--- DATA FOR THIS TASK ---
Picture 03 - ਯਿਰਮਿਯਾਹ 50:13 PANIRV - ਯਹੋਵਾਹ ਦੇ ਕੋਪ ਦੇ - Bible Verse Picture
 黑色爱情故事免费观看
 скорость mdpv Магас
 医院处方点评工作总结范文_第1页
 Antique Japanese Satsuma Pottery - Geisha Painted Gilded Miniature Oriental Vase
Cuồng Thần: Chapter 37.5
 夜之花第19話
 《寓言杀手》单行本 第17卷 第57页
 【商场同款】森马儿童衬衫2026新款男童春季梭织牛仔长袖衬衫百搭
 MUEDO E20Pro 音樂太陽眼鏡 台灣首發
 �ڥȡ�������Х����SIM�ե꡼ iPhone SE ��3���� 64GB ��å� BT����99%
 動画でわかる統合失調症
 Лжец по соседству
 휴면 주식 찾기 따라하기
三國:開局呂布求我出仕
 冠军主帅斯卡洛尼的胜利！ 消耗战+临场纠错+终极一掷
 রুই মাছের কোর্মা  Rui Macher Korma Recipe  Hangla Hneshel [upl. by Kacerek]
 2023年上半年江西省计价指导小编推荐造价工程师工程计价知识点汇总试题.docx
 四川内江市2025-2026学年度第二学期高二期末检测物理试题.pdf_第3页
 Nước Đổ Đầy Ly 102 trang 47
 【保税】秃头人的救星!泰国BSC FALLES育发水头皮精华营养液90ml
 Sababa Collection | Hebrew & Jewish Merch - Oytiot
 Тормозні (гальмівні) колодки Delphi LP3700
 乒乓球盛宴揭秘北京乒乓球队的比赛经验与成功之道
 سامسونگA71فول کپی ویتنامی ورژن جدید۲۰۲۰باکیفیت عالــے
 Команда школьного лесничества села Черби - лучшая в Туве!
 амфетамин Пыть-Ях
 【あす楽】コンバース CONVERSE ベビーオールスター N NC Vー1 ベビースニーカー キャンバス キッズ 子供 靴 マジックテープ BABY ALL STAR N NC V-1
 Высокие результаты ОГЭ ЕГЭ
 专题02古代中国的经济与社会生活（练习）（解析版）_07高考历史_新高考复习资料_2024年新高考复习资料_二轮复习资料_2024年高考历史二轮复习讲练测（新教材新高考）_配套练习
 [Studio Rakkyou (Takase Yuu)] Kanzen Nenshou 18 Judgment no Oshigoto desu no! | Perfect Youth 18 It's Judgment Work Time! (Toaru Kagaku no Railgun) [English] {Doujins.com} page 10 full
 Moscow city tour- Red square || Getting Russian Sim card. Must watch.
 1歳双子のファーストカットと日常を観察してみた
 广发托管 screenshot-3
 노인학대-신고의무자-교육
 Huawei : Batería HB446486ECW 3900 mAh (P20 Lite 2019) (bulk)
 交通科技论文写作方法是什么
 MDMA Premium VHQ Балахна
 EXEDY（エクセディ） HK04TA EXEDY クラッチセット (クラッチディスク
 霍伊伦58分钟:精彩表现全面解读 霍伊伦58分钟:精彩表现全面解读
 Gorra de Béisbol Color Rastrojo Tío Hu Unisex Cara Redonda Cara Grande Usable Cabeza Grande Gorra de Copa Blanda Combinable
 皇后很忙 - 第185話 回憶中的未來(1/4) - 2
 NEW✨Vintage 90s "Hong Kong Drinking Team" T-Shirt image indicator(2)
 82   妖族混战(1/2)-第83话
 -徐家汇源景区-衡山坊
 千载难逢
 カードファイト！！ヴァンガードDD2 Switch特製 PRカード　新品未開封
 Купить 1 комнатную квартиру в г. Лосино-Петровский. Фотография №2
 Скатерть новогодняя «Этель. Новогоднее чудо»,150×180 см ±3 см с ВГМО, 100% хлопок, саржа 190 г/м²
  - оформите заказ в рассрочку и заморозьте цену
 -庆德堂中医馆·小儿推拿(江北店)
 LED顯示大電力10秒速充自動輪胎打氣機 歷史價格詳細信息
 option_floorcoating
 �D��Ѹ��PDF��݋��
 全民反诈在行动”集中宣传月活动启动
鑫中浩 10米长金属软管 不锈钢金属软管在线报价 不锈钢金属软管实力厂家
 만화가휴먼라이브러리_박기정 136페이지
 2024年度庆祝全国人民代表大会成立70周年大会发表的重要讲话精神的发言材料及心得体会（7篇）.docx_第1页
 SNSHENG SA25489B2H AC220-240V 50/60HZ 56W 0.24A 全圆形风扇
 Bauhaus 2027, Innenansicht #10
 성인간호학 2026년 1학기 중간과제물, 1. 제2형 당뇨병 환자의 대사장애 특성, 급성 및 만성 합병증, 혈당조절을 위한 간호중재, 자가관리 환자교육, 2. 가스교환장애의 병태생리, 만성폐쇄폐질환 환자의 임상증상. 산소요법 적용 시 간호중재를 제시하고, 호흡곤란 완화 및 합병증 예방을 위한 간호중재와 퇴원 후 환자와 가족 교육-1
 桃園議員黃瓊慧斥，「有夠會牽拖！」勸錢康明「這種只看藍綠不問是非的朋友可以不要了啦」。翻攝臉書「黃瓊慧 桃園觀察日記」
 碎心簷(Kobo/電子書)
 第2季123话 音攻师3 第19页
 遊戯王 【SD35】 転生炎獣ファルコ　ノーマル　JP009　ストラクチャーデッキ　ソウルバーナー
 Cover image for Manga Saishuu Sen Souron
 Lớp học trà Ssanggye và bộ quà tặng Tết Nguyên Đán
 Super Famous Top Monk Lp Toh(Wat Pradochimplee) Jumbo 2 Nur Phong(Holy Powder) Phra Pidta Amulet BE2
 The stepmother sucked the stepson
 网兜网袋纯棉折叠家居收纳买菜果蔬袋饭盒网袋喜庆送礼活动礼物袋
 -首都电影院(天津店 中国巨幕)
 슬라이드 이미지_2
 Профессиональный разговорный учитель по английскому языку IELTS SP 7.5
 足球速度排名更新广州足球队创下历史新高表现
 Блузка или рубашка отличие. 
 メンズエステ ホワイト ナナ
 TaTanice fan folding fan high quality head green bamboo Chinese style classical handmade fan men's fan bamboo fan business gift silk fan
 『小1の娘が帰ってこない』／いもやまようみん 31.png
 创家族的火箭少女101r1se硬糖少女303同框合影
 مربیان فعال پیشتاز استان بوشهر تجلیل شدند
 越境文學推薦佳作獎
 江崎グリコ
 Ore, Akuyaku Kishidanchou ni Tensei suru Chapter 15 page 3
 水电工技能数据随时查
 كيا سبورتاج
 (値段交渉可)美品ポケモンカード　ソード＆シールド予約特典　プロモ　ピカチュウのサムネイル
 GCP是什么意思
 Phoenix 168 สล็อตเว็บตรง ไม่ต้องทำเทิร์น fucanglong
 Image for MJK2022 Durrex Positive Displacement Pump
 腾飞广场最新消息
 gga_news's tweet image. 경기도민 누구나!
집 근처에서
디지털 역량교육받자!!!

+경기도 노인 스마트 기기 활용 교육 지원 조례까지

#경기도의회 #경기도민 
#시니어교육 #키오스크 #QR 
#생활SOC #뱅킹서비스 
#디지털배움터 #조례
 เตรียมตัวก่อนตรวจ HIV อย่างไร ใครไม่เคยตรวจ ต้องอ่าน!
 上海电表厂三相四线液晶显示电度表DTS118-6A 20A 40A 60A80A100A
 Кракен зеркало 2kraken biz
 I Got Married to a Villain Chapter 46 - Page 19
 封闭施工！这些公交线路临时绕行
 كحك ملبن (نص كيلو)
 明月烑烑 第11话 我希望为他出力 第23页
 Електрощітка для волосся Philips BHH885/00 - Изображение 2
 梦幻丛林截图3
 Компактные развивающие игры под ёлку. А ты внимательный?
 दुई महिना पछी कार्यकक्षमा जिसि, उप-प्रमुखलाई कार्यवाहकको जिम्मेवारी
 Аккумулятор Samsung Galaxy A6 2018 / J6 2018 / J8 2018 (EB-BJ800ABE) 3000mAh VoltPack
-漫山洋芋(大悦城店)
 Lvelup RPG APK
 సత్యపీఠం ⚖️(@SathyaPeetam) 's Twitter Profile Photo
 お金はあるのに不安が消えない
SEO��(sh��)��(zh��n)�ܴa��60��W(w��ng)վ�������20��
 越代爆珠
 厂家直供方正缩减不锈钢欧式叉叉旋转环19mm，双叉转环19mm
---
*YOUR TASK*
Restate exactly, and only, every line from the one that contains "-漫山洋芋(大悦城店)" through the last line of the records.

*RESPONSE*
-漫山洋芋(大悦城店)
 Lvelup RPG APK
 సత్యపీఠం ⚖️(@SathyaPeetam) 's Twitter Profile Photo
 お金はあるのに不安が消えない
SEO��(sh��)��(zh��n)�ܴa��60��W(w��ng)վ�������20��
 越代爆珠
 厂家直供方正缩减不锈钢欧式叉叉旋转环19mm，双叉转环19mm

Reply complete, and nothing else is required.